Define a SwiLaxable enum to list the terminal tokens of the grammar with their corresponding regular expressions:

enum Terminal: String, SwiLexable {
    static var separators: Set<Character> = [" "]

    case number = "[0-9]+"
    case plus = #"\+"#
    case minus = #"-"#
    case times = #"\*"#
    case divide = #"/"#

    case lParenthesis = #"\("#
    case rParenthesis = #"\)"#

    case eof
    case none   // empty token
}

Define a SwiParsable enum to list the non-terminal tokens used in the grammar:

enum NonTerminal: SwiParsable {
    case expr
    case fact
    case term

    case start  // starting token
}

Define the reduction actions for each rule of the grammar :

func sum(a: Int, _: Substring, b: Int) -> Int { a + b }
func minus(a: Int, _: Substring, b: Int) -> Int { a - b }

func times(a: Int, _: Substring, b: Int) -> Int { a * b }
func divide(a: Int, _: Substring, b: Int) -> Int { a / b }

func parenthesis(_: Substring, a: Int, _: Substring) -> Int { a }
func toInt(s: Substring) -> Int { Int(s) ?? 0 }

func keepValue(a: Int) -> Int { a }
Important:

In a grammar, each rule leads to the reduction of one or more terminal / non-terminal tokens (the right part of the rule) into a non-terminal token (the left part of the rule) by applying a reduction action.

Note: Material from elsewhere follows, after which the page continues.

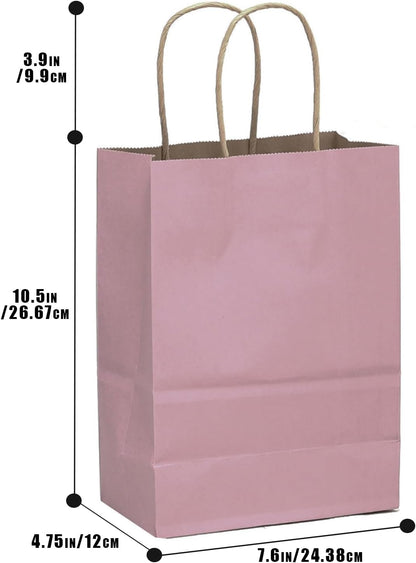 qiqee 32pcs Light Pink Paper Gift Bags 10.8"x8.3"x4.3" Medium Size with Handles Bulk Gift Bags Multiple Uses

The reduction action of a rule in SwiParse takes the value of each token being reduced by the rule as argument (the right part of the rule) and returns the new value of the reduced non-terminal token (the left part of the rule).

Terminal tokens' values are passed as Substrings (directly read by the SwiLex lexer) while non-terminal ones are the output of the rule that produced them (a non-terminal token is necessarily the result of a reduction rule thus its value is the output of the rule's reduction action).

Next, define a parser with the grammar by providing its rules and their reduction actions:

let parser = try SwiParse<Terminal, NonTerminal>(rules: [
    .start => [Word(.expr)], // accepting rule

    .expr => [Word(.expr), Word(.plus), Word(.term)] >>>> sum,
    .expr => [Word(.expr), Word(.minus), Word(.term)] >>>> minus,
    .expr => [Word(.term)] >>>> keepValue,

    .term => [Word(.term), Word(.times), Word(.fact)] >>>> times,
    .term => [Word(.term), Word(.divide), Word(.fact)] >>>> divide,
    .term => [Word(.fact)] >>>> keepValue,

    .fact => [Word(.lParenthesis), Word(.expr), Word(.rParenthesis)] >>>> parenthesis,
    .fact => [Word(.number)] >>>> toInt,
])

Note that each grammar should have a single starting rule that will be used as

Finally, parse an input string using the defined parser:

let result = try parser.parse(input: "(1 + 2) * 3")
// 9

Calculator example (ambiguous grammar):

In the last example, the grammar used to define the calculator had no ambiguities. In this second example the goal is to showcase how to use the rules' precedence and operator associativity to resolve Shift/Reduce conflicts. Let's consider the following (ambiguous) grammar:

<expr> →   <expr> + <expr>      // rule 0
         | <expr> - <expr>      // rule 1
         | <expr> * <expr>      // rule 2
         | <expr> / <expr>      // rule 3
         | ( <expr> )           // rule 4
         | number               // rule 5

Associativity

If we consider the rule 0, when the token + is read as lookahead token, and the content of the stack is <expr> + <expr> the parser has two options :

  1. Reduce: the content of the stack is reduced following the rule 0 into <expr> before shifting the new tokens.
  2. Shift: the parser shifts the next tokens before reducing them following the rule 0 (last in first out).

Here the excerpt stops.